If you write mysteries, romantic suspense, urban fantasy, paranormal romance, or dark fantasy, you probably see me as your perfect reader.
And I am.
Except for one small thing.
If you didn’t bother to check your facts; if you just made something up and figured no one would notice or care—then I am your worst nightmare. Because I can tell. And if I can tell, I’m not the only one.
But it’s just a fluffy romantic suspense novel, you whine. How many people are going to know or care that a Piper Cherokee is a low-wing plane and if you have to bail out in a hurry, you have to reach back and open a door instead of just scrambling out the way you can in a Cessna?
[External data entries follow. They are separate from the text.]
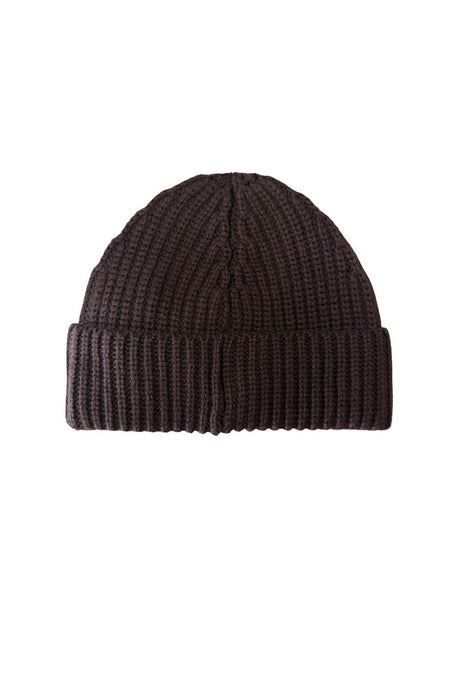 Dondup Cappello Uomo a coste con patch / Dark Chocolate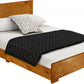Oak Wood Twin Platform Bed By Homeroots - 397099 | Beds | Modishstore - 2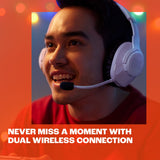 JBL Quantum 360P wireless gaming headset white blue (British brand)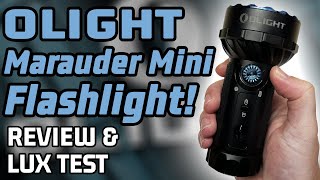 Is the NEW Olight Marauder Mini LED FLASHLIGHT as bright as a CAR HEADLIGHT Lets find out [upl. by Zavala]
I don’t know how many other people know that but I do because my best friend has a private pilot’s license and we used to fly all over the Southwest. I hated it when we rented a Cherokee because he would always do “fire drills” to see how fast I could get out of the plane in an emergency. (The answer was not very fast. There’s only one door in a Piper Cherokee and it’s on the passenger’s side. So if the passenger can’t get the door open fast enough, everybody dies.)
I can’t be the only romantic suspense reader who’s ever been in a small plane.
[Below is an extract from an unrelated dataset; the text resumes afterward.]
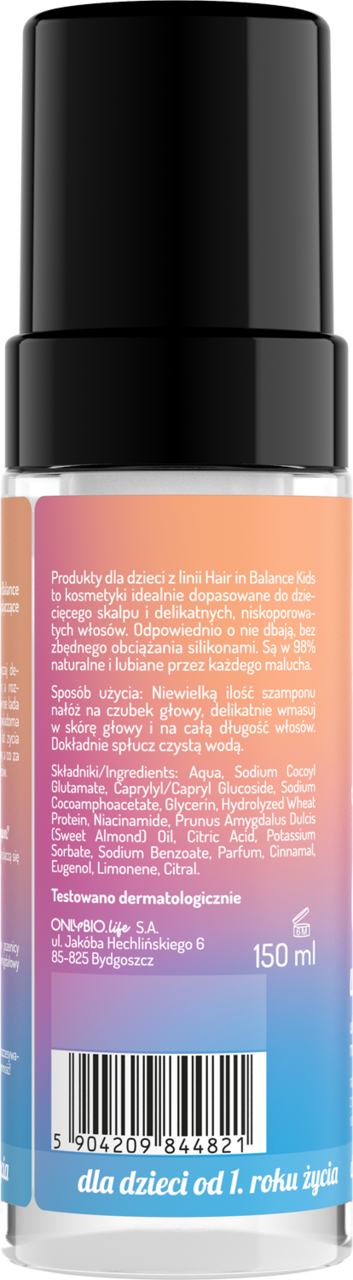 szampon w piance dla dzieci rossmann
Give me a break, you’re thinking. You’re just being persnickety.
Why yes, I am. And I am not the only one.
I have a friend who majored in costume illustration in art school. She loves historical romance, but she knows exactly when the fashions changed in 17th century Germany and if a writer fumbles the description of the furbelows (or even misuses the word “furbelows”), that writer is going to get a one star review from her.
And you know what?
Rightfully so, in my opinion.
Fiction is not fact. But when you’re writing something that takes place in the real world, set in a particular time period, set against a real backdrop, in a real profession, it’s up to you to GET YOUR FACTS STRAIGHT.
For example, you can’t plead “innocent” in a court of law. It’s guilty or not guilty. And every law student, paralegal, legal secretary, or attorney on the planet knows that. (It has to do with the concept that in America, we’re innocent until proven guilty.) But how many times have you read that in a story or seen it on a television show? Probably a bazillion trillion times. I know I have.
I come from a journalism background, so I’m pretty obsessive about checking my facts. But I’d like to think I’d do it anyway. Because if I make it up, somebody will know. And for that reader, the reading experience will be spoiled—if not a lot, at least a little—and I don’t ever want that to happen because I got sloppy or lazy.
And by the way, “How sharper than a serpent’s tooth” is not a quote from the Bible, it’s from King Lear. People get that one wrong all the time. And English teachers, biblical scholars, and actors know it.
Get it right.
Questions for the Readers:
- Is there something writers often get wrong that you know about? A detail of a career, for example? A mistake in a time period that you actually lived through?
- Do you think I am being too persnickety? Do you think readers, in general, don’t care about how accurate something is as long as they’re being entertained? Is it too harsh to subtract a star for getting it wrong?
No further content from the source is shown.